§ **ASSIGNMENT**:
Down to the last word, output the records below, skipping any images.

§ **MATERIALS PROVIDED**:
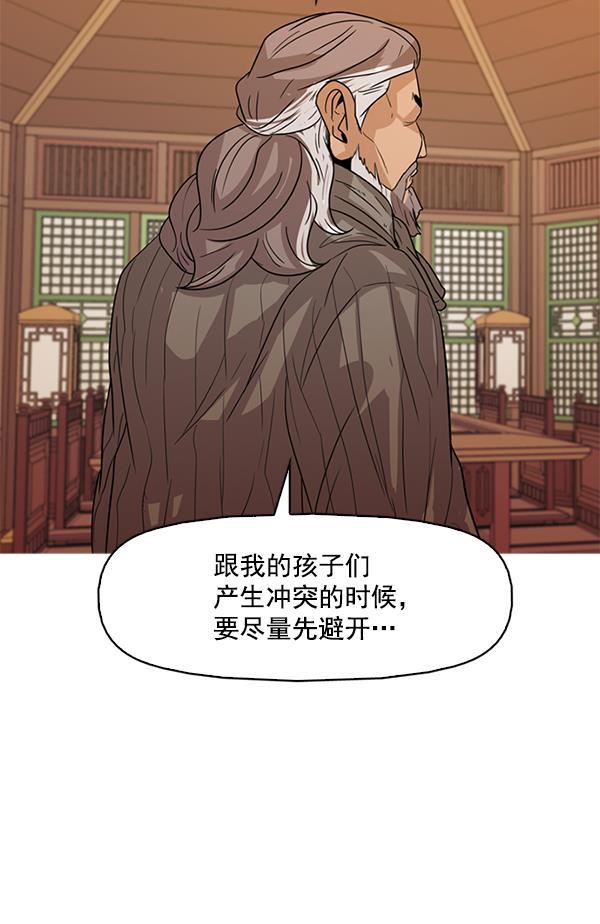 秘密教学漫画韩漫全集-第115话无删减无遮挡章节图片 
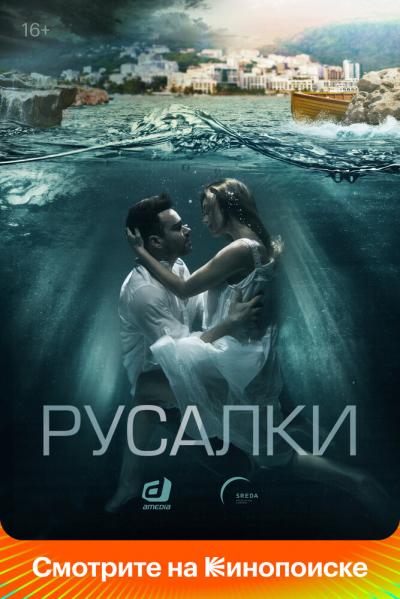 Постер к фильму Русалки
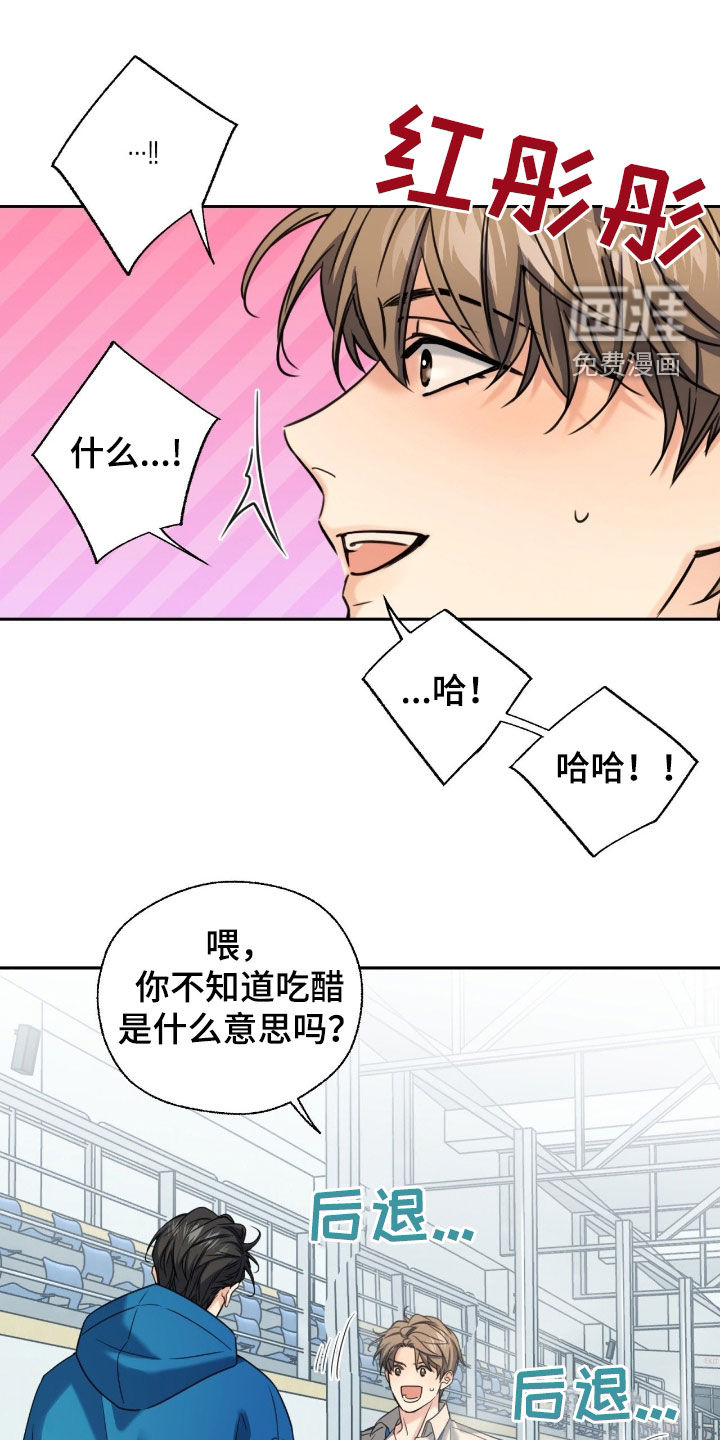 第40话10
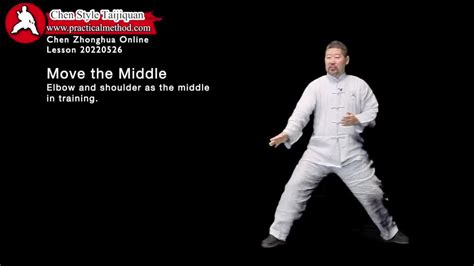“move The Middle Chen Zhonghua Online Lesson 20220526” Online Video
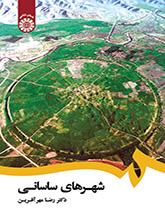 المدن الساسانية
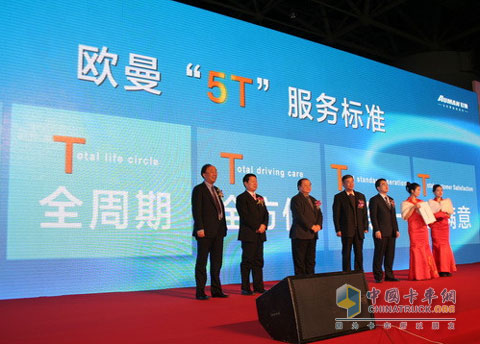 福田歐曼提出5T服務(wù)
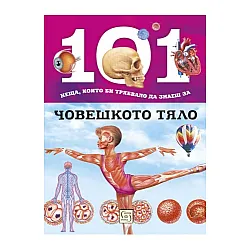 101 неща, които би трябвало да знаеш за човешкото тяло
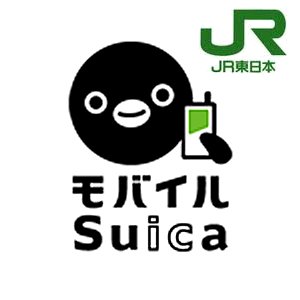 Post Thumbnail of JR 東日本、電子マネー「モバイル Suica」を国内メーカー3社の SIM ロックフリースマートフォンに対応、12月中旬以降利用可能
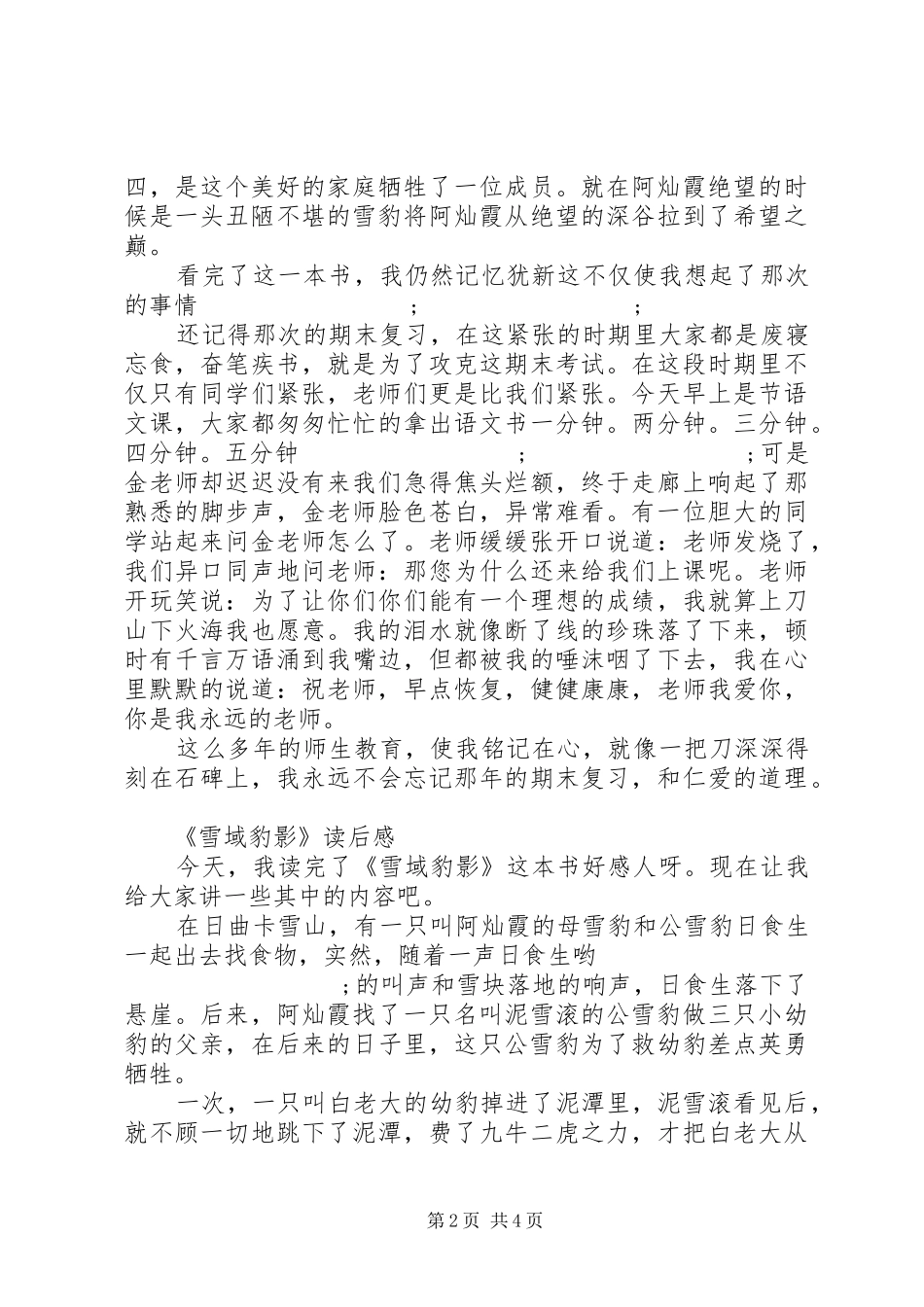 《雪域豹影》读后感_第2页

§ **TASK RESPONSE**:
 秘密教学漫画韩漫全集-第115话无删减无遮挡章节图片 
 Постер к фильму Русалки
 第40话10
“move The Middle Chen Zhonghua Online Lesson 20220526” Online Video
 المدن الساسانية
 福田歐曼提出5T服務(wù)
 101 неща, които би трябвало да знаеш за човешкото тяло
 Post Thumbnail of JR 東日本、電子マネー「モバイル Suica」を国内メーカー3社の SIM ロックフリースマートフォンに対応、12月中旬以降利用可能
 《雪域豹影》读后感_第2页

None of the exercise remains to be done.